»»
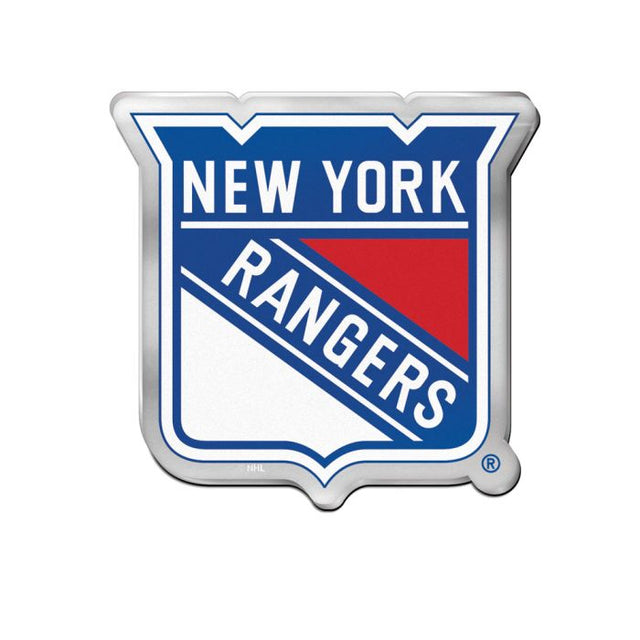 Emblema acrílico para automóvil de los New York Rangers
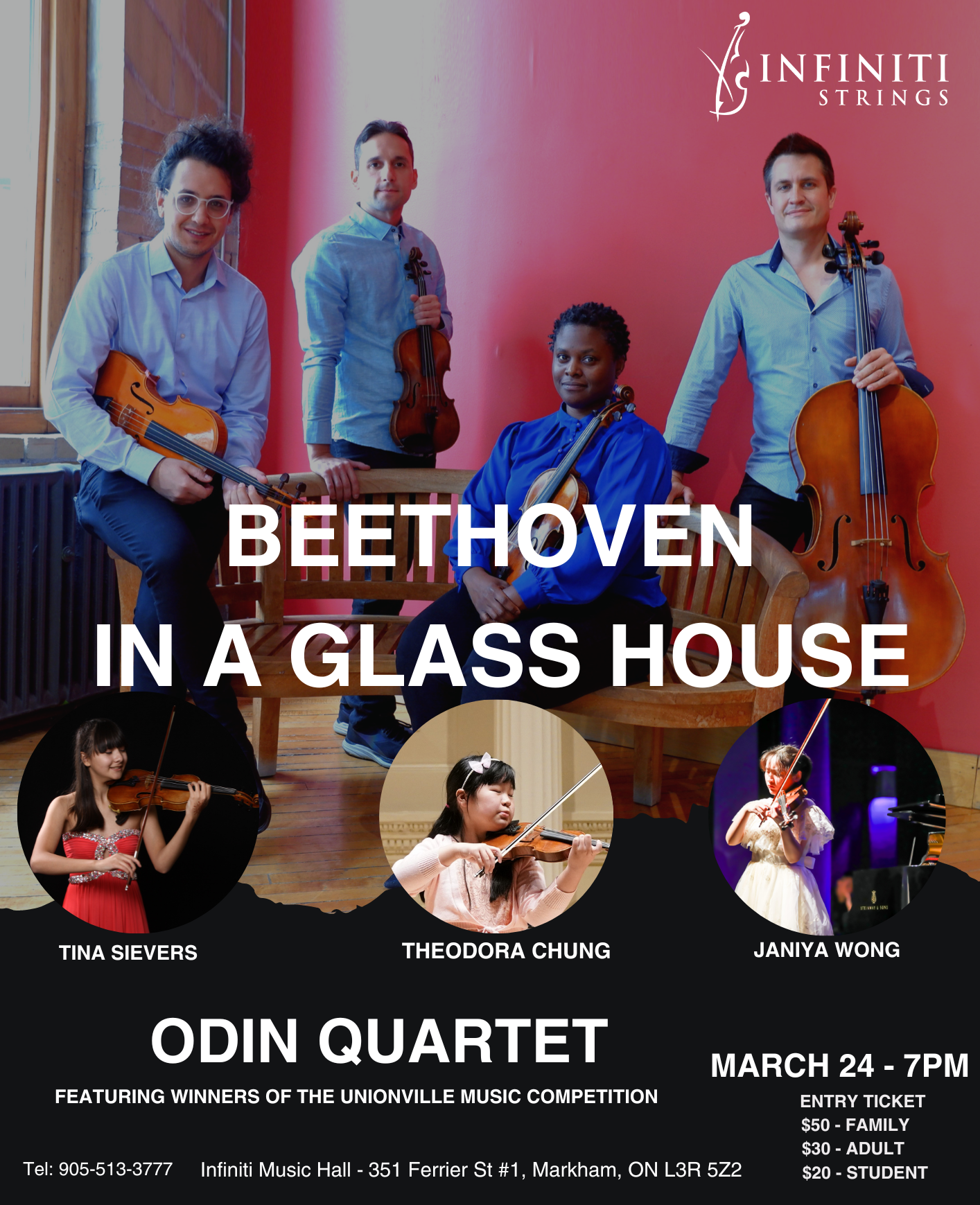 Odin Quartet Concert: Beethoven In A Glass House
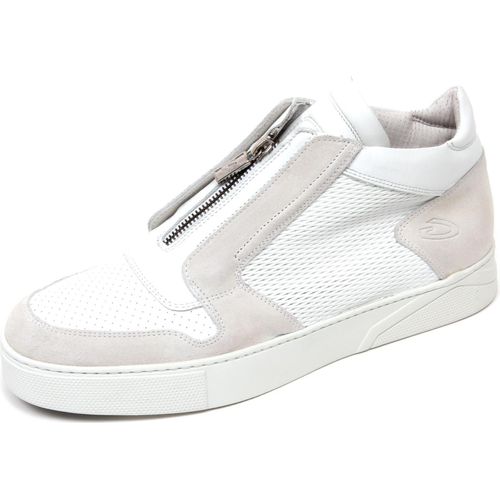 D0872 hohe Trainer GUARDIANI SPORT TRUMAN weiß/Eis Schuh Mann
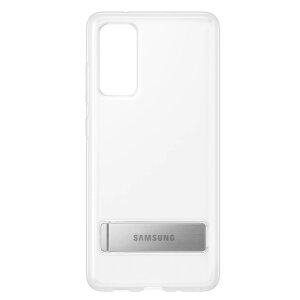 Husa Cover Hard Standing Cover pentru Samsung Galaxy S20 FE, Clear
««
In the listing, find the line containing "Odin Quartet Concert: Beethoven" and repeat it and every later line through the last one, word for word, excluding the pictures.

▶ _Output_
 Odin Quartet Concert: Beethoven In A Glass House
 D0872 hohe Trainer GUARDIANI SPORT TRUMAN weiß/Eis Schuh Mann
 Husa Cover Hard Standing Cover pentru Samsung Galaxy S20 FE, Clear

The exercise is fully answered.